When I grow up I want to be a doctor, a neurosurgeon, a pilot, a CEO of a big company etc. These are the dreams we had when we were young and our children continue to have and tell when asked the question: what do you want to do when you grow up? Society and our education system preach the gospel of success that is defined by titles, palatial homes, wealth and power. We live our lives knowing this is what will get us a name in that great book of life. In primary school, I worked hard to get into a national school because I was told anything less than that meant I would not achieve what I wanted in life. Students who went to national schools had already qualified in the great book of life. Unfortunately, I did not cut national school. No one in my school did but that’s a story of another time. It meant I had to work twice as hard to earn a ticket to the successful forever after story.

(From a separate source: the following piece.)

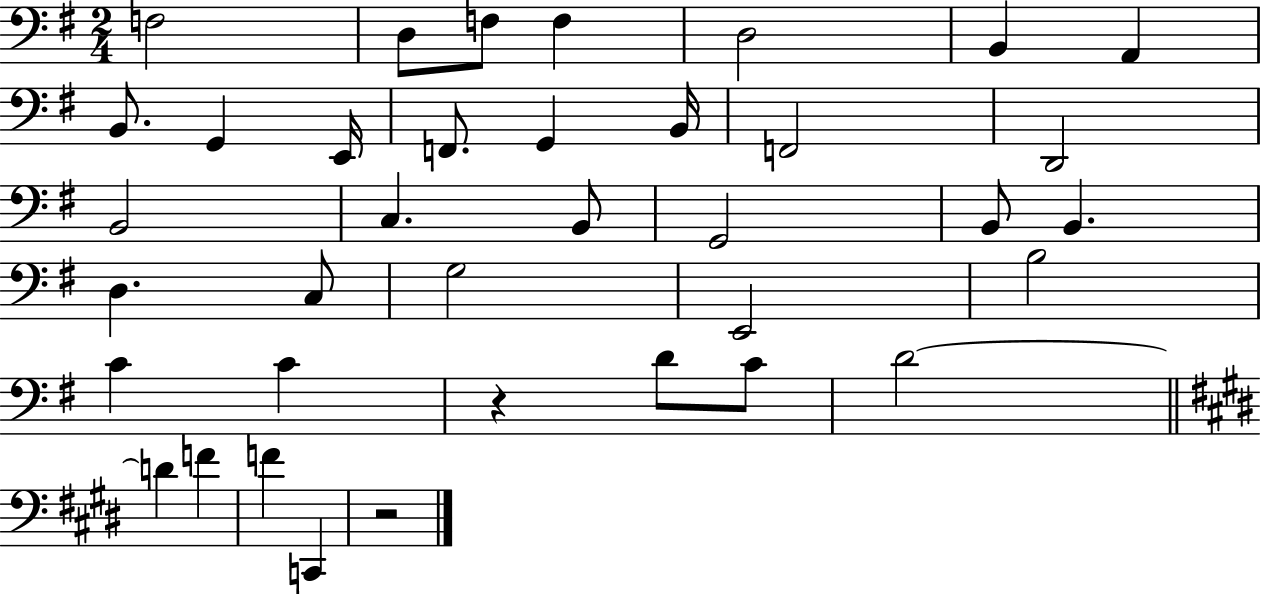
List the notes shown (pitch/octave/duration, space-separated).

F3/h D3/e F3/e F3/q D3/h B2/q A2/q B2/e. G2/q E2/s F2/e. G2/q B2/s F2/h D2/h B2/h C3/q. B2/e G2/h B2/e B2/q. D3/q. C3/e G3/h E2/h B3/h C4/q C4/q R/q D4/e C4/e D4/h D4/q F4/q F4/q C2/q R/h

So I woke up every day for 4 years at 4 am and slept at midnight. This wasn’t the difficult part of this pension chase. My school had no water so we had to run 2 kilometres away from the school to a pond to fetch water, shower and run back through a dusty road with pebbles and thorns. All this was to be done within 30 minutes. The result is, of course, you were as dusty as you left. We had white shirts and games shorts for uniform in a school with no piped water. Am yet to know who came up with this design. But it is what it is. Drinking water was supplied in a 200ml cup and was to last you the whole day. The scientists who talked about drinking 2-5 litres a day to remain healthy had not visited my high school because we were as healthy as Francis Atwoli in his younger years. I did not achieve what I wanted at the end of the 4 years but I left with an A- and a tree I planted in my name. I wonder what that tree would say if it met me today. Of all the places you thought of planting me, you had to choose a semi-arid region and specifically a school with no water. Am sure the roots would strangle me if they saw me.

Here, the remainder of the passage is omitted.